One hundred metronomes in motion. Almost six decades later, what was a risky musical enterprise in 1963 is now nowhere near enough to incur the public’s wrath. We now find experimental music ‘inaccessible’ rather than unacceptable, explains Persis Bekkering. Have we lost something? Can rebellion in art still exist? And is ‘the new’ even better, the writer wonders. Does connection not outweigh it? An unexpectedly changing starting point emerges from an avant-garde angle.
‘Make it okay’
Suppose Poème Symphonique were to receive its world premiere tonight. Would we be shocked? Could we once again feel what the Hilversum audience felt in 1963: a mixture of disbelief, anger, discomfort and confusion about something that falls outside traditional paradigms? I imagine that I am walking into the hall where the muffled voices of the meagre audience, given the maximum number of visitors that are currently admitted, can be heard as they look for a place to sit. Hundreds of analogue metronomes are lined up on stage, as if it were an orchestra.
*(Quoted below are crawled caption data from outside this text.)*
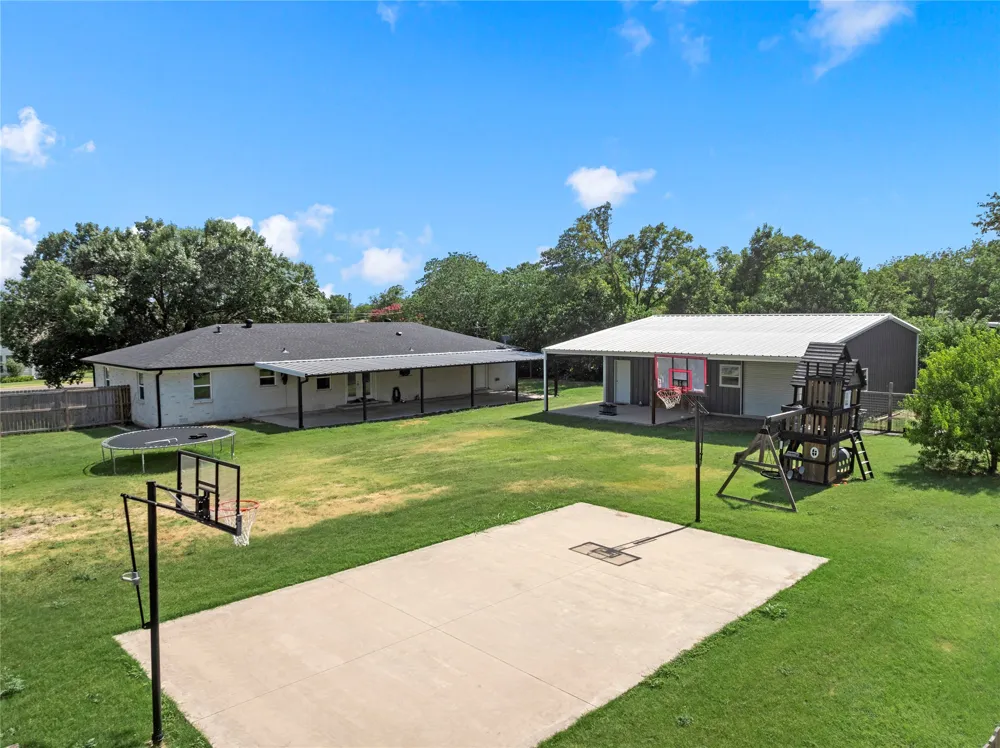 525 W 7th Street Crawford, TX 76638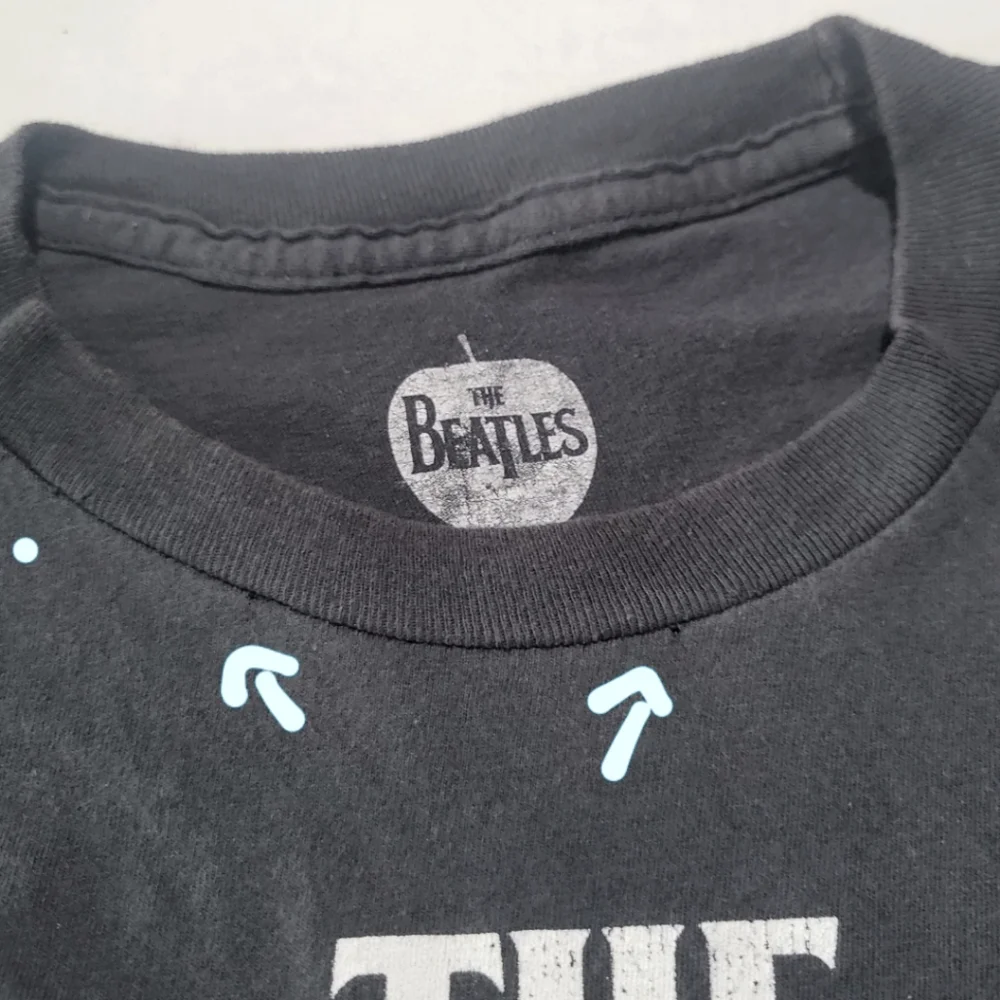 The Beatles Sgt. Pepper Lonely Hearts Club  Band Men's  T- Shirt, 2013 Size L - Picture 6 of 11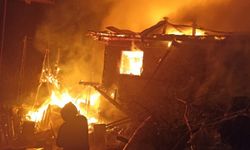 Evde çıkan, okul lojmanına sıçradı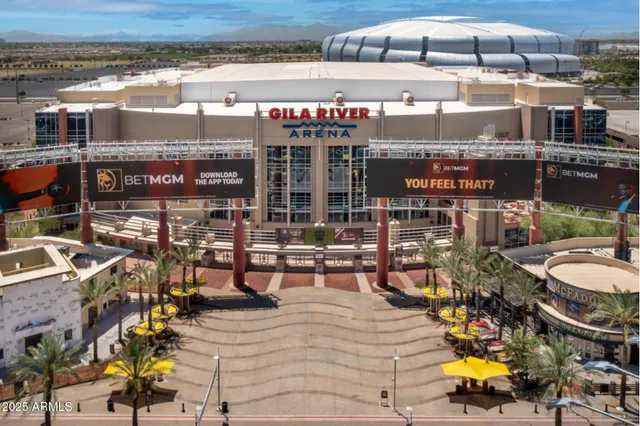 $2,295 | 8647 West Brown Street, Peoria, AZ 85345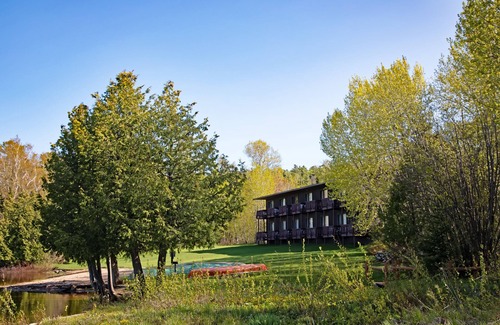 Copper Harbor Condo | Lake Fanny Hooe Resort-2 Bed With Balcony #12 1 Bedroom Hotel Room by RedAwning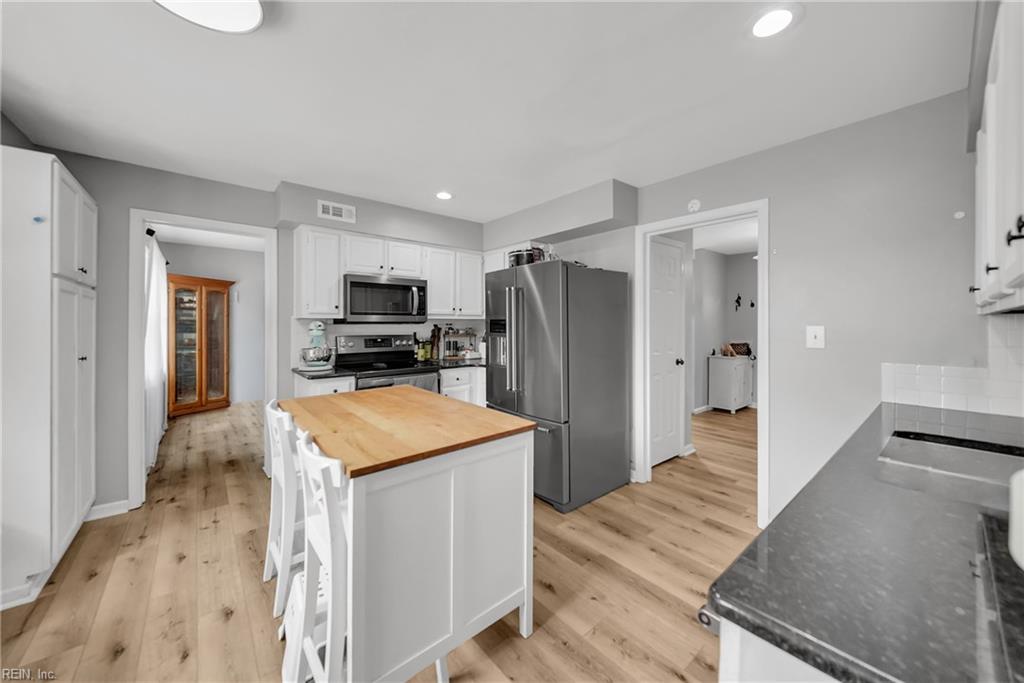 5124 Brockie St Property Photo 12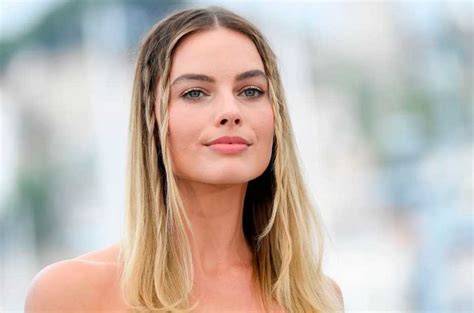 Margot Robbie: Bio, Height, Weight, Age, Measurements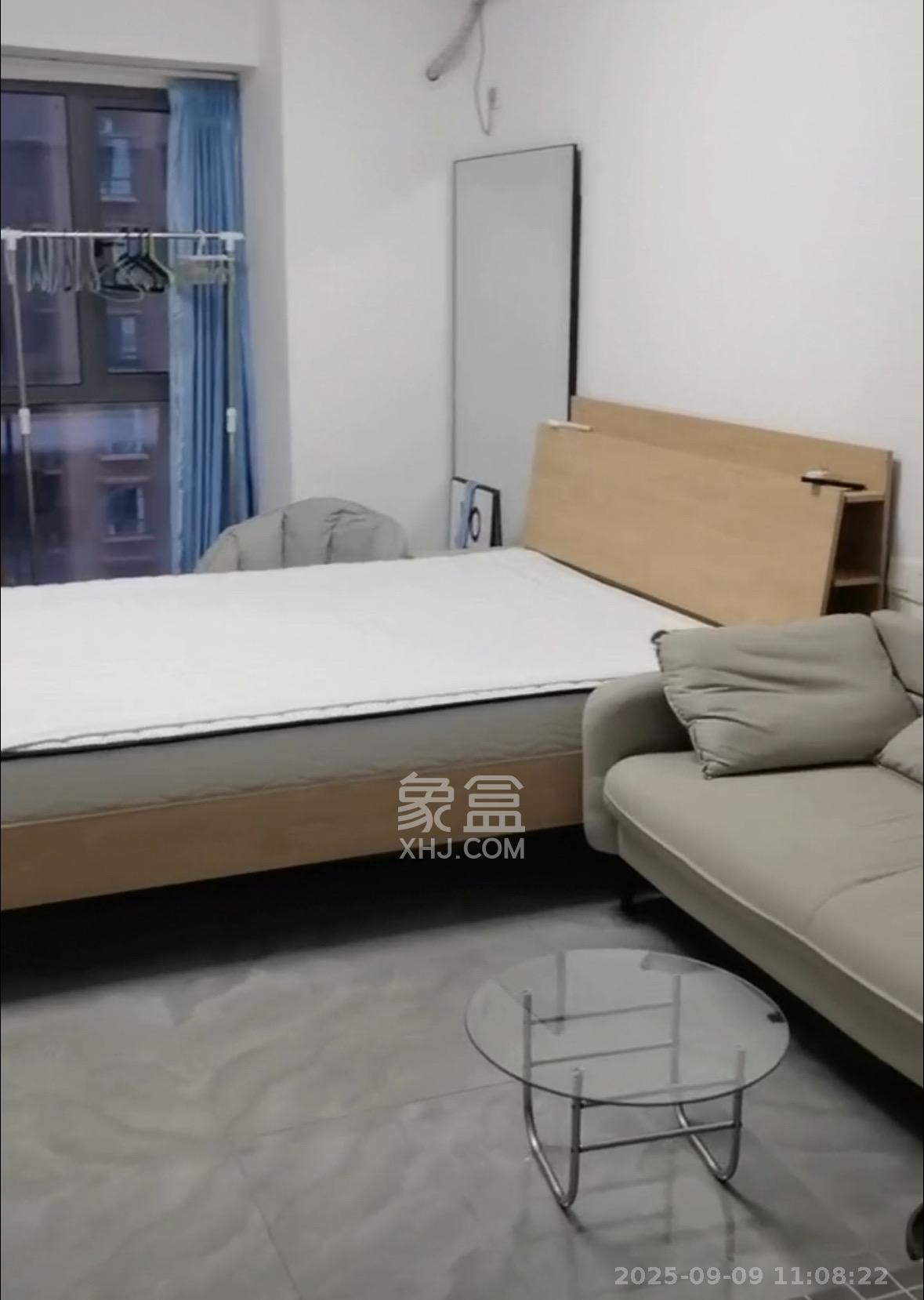 绿洲花园 1室0厅0卫 1900.0元/月 绿洲花园 1室0厅0卫 1900.0元/月室内图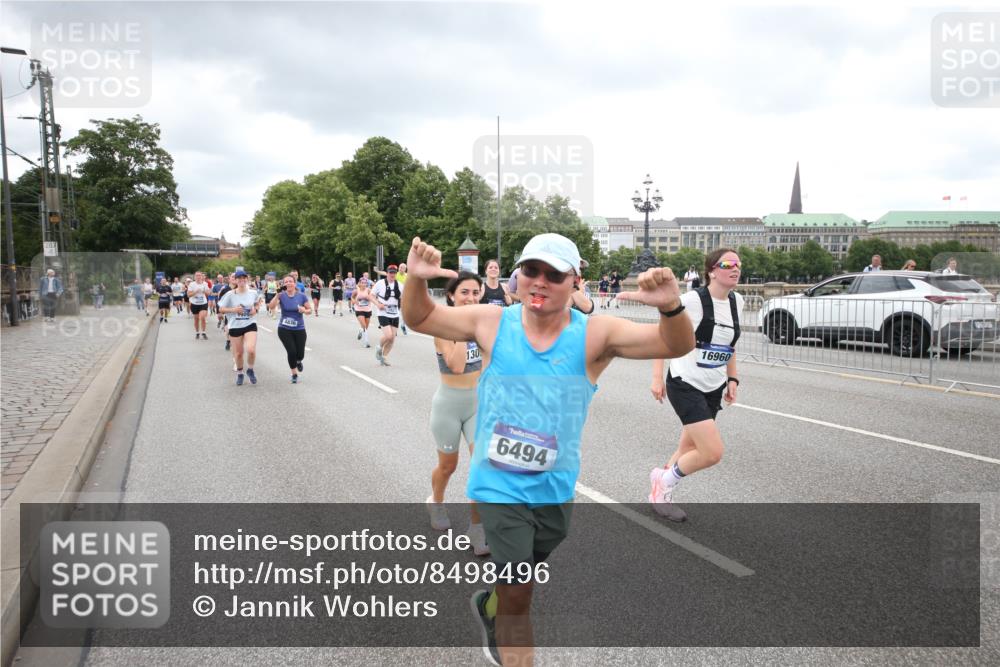 29.06.2025 - hella hamburg halbmarathon Jannik Wohlers http://msf.ph/oto/8498496 29.06.2025 10:55:43 Lombardsbrücke 1738, 1909, 2095, 2793, 3257, 3268, 4083, 4354, 4473, 4836, 5306, 5580, 5994, 6494, 6968, 7025, 7028, 7516, 7616, 8005, 8305, 9435, 9606, 9838, 10640, 10740, 10784, 10987, 11298, 11862, 11863, 12267, 12295, 12296, 12551, 13055, 13395, 13405, 13627, 14142, 14221, 14280, 14281, 15103, 15173, 15199, 15272, 15696, 15699, 16413, 16655, 16960, 17038, 17039, 17398, 18329, 18349, 19228 meine-sportfotos.de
And there stands Ligeti in his oversized tailcoat. The performers appear wearing smart concert attire. For several minutes nothing happens, which makes me a bit anxious, and, judging by the nervous coughing around me, I am not alone. And then, finally, the conductor gives a signal with a big sweep of his arm and the players go into action. They hurry along the rows of metronomes, setting them in motion. A disorderly wave of ticking swells up. For fifteen minutes it sounds like heavy rain tapping on a sloping roof.
My mind involuntarily tries to make head or tail of it. Sometimes I recognize rhythmic patterns, but the metronomes soon diverge again and lose coherence. Slowly the sound dies out, but the last metronome valiantly keeps on ticking, for significantly longer than the rest. Then silence returns. The audience waits to see if anything else happens, but Ligeti makes a gesture and we understand it’s time for applause.
I think I would have found Poème Symphonique an interesting work without prior knowledge. Challenging, playful, but not staggeringly new. Maybe I would have said something like ‘hypnotic’ at the after-concert drinks, or ‘meditative’. It certainly helps that I am a fairly experienced music listener, with a taste for adventure, but still: I would not feel that I was being confronted with the future. Logical of course. Nowadays we have a completely different view of music’s possibilities than in 1963.Our sensitivities have changed, perhaps been stretched, and we have learned that anything can be music. Silence, for instance, or metronomes. We now find experimental music ‘inaccessible’ rather than unacceptable. I honestly can’t remember ever leaving a concert hall in a state of shock.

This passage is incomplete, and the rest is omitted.